Le grand soir féministe n'est pas pour demain au Japon. Mais l'élection, jeudi, d'une femme à la tête du Parti démocrate n'est pas non plus qu'une simple anecdote dans un archipel où, si les «femmes brillent» - selon l'expression fétiche du Premier ministre, Shinzo Abe - c'est souvent par leur absence dans les sphères politiques et économiques.
Renho Murata, une sénatrice de 48 ans d’origine taïwanaise, sera la première élue à diriger la principale force d’opposition du pays. Sa désignation, avec près de 60 % des voix devant deux hommes, intervient après l’élection, en juillet, de Yuriko Koike, première gouverneure de la métropole de Tokyo. Début août, c’était au tour de Tomomi Inada d’être nommée au mâle ministère de la Défense, succédant à la pionnière Koike.

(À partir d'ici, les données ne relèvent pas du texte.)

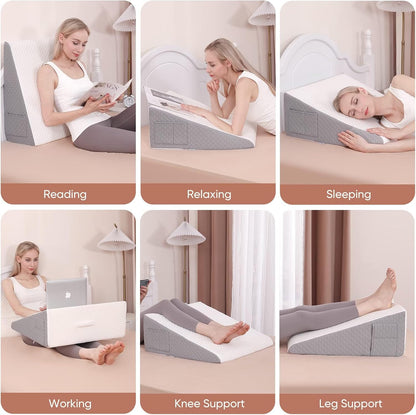 Wedge Pillow Memory Foam Cool Gel Adjuastable Cushion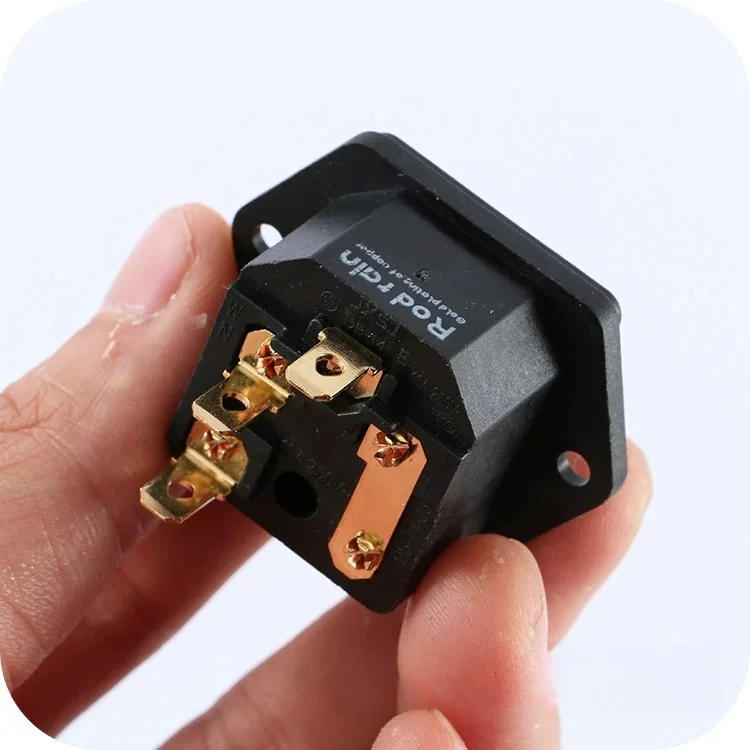 All copper, red copper gold-plated two-in-one AC product power socket with fuse seat Power amplifier tail seat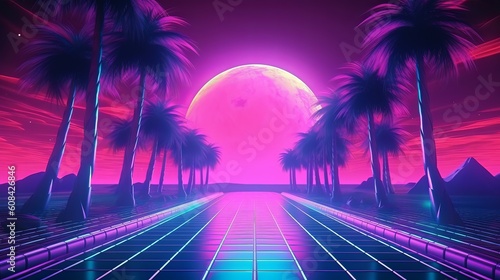 A surreal futuristic landscape with pink sun and palm trees. Generative ai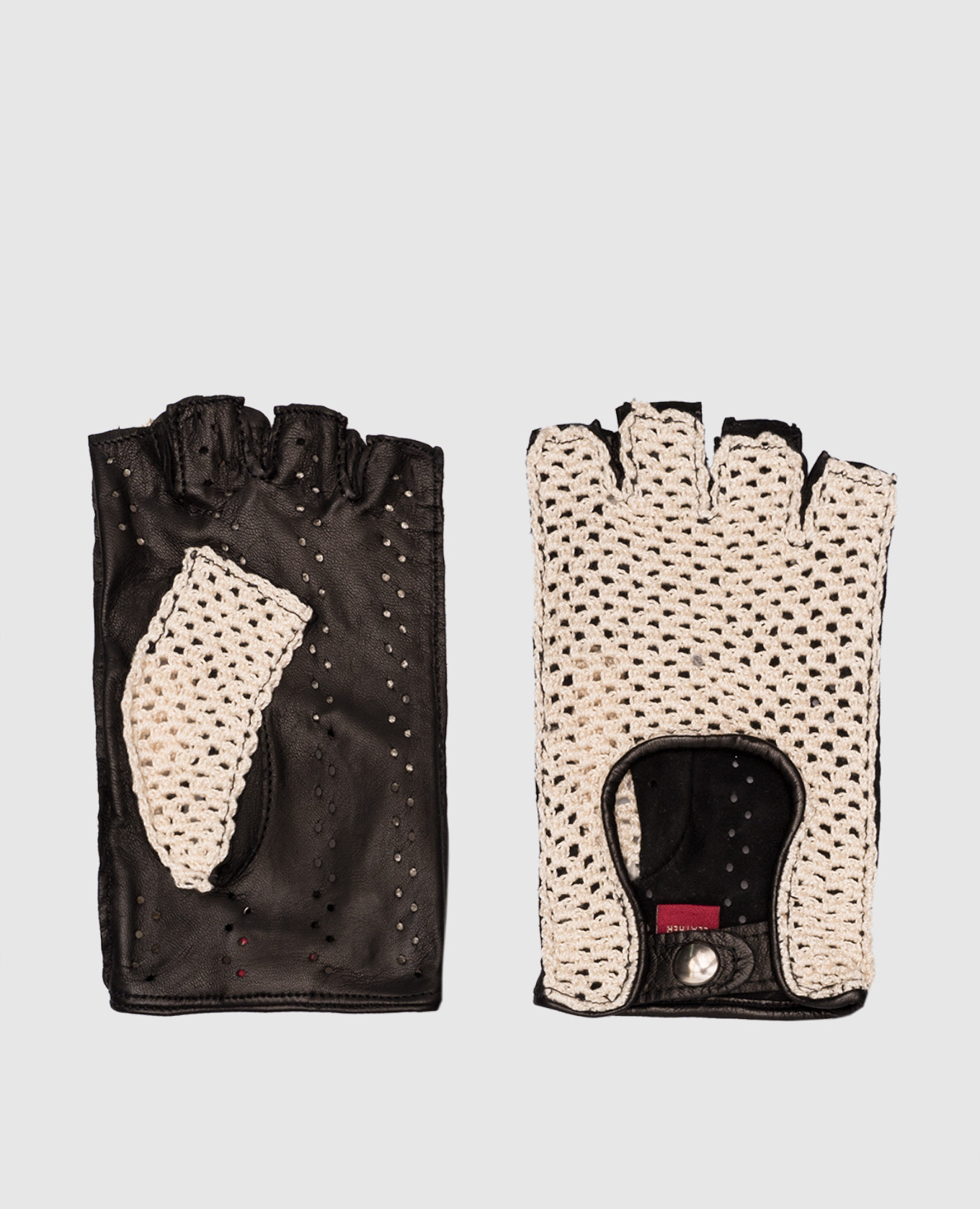 Черные комбинированные перчатки-митенки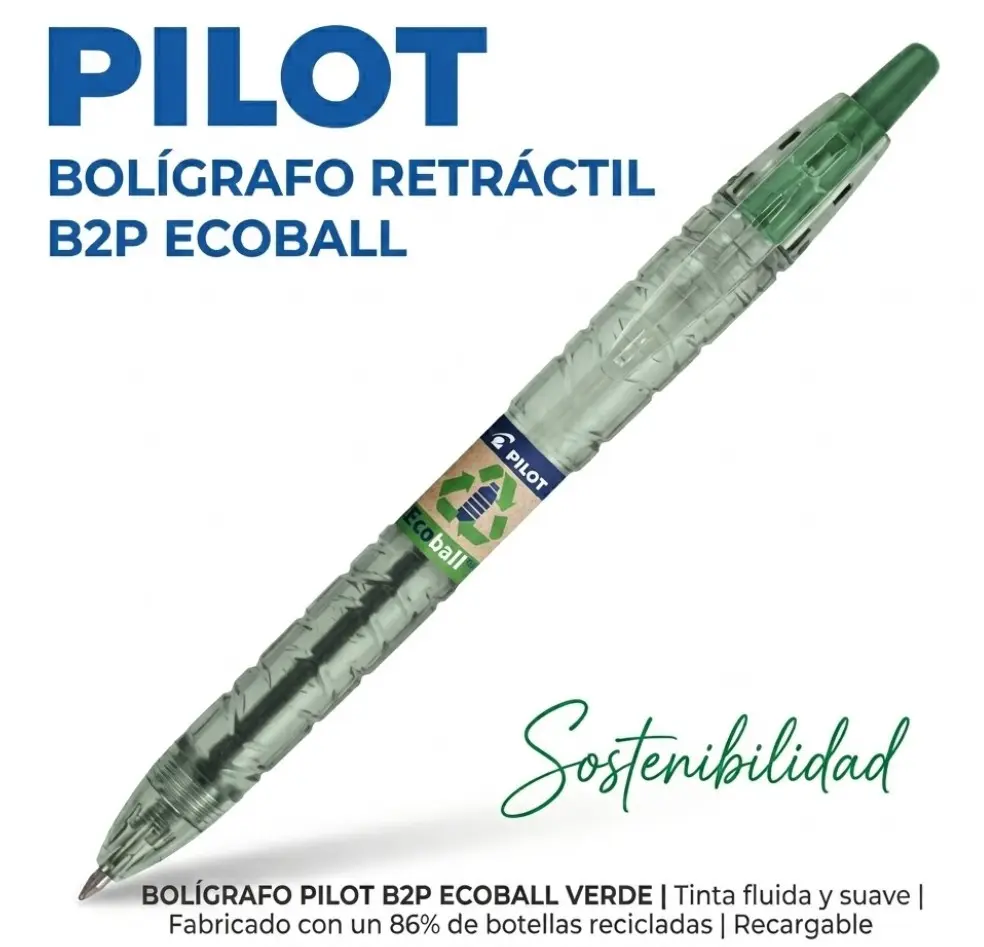 BOLÍGRAFO PILOT ECOBALL B2P VERDE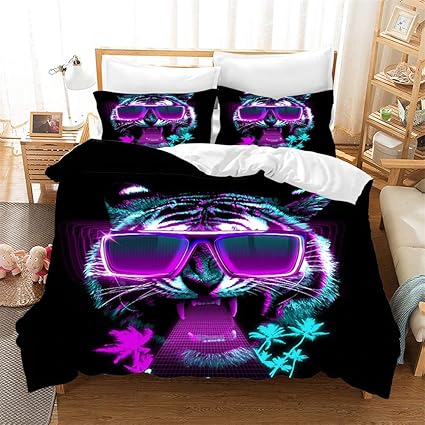 Ste X Bedding Set 400 Thread Count 100 Cotton Trendgraffiti Purple Blue Black 3 Piece Bedding Set 1 Duvet Cover 2 Pillowcases 50 X 75 Cm Amazon De Kuche Haushalt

L'arrivée de femmes à ces postes à haute responsabilité constitue une petite avancée. «Le Japon est en train de doucement changer, note Mana Shimaoka, membre du parti féministe Obachan. Le gouvernement a promu une loi pour que 30 % des postes de dirigeants soient occupés par des femmes d'ici à 2020, et c'est finalement très utile pour les grandes entreprises et les grandes administrations.»
Professeure de sciences politiques à l'université Sophia de Tokyo, Mari Miura reconnaît qu'«Abe a changé l'atmosphère. Maintenant, l'emploi des femmes est abordé comme une question économique, et pas seulement sociale. Il est bon que ce sujet soit débattu, mais je doute que le statut des femmes s'améliore grandement. Très minoritaires en politique, les élues sont traitées comme des jetons. Elles ont tendance à manquer de solidarité féminine.»
Lors de sa campagne pour la présidence du Parti démocrate, Renho Murata a porté ces combats. Cette ancienne mannequin et présentatrice télé s’est notamment fait connaître en 2009 quand la sénatrice a questionné des bureaucrates sur des gaspillages dans les comptes publics. Aujourd’hui, Murata appelle à investir dans l’éducation et les services à la personne. Mais avant cela, la nouvelle présidente du parti de centre gauche aura beaucoup à faire pour revitaliser un Parti démocrate sans boussole idéologique et sans programme clair face au rouleau compresseur de Abe.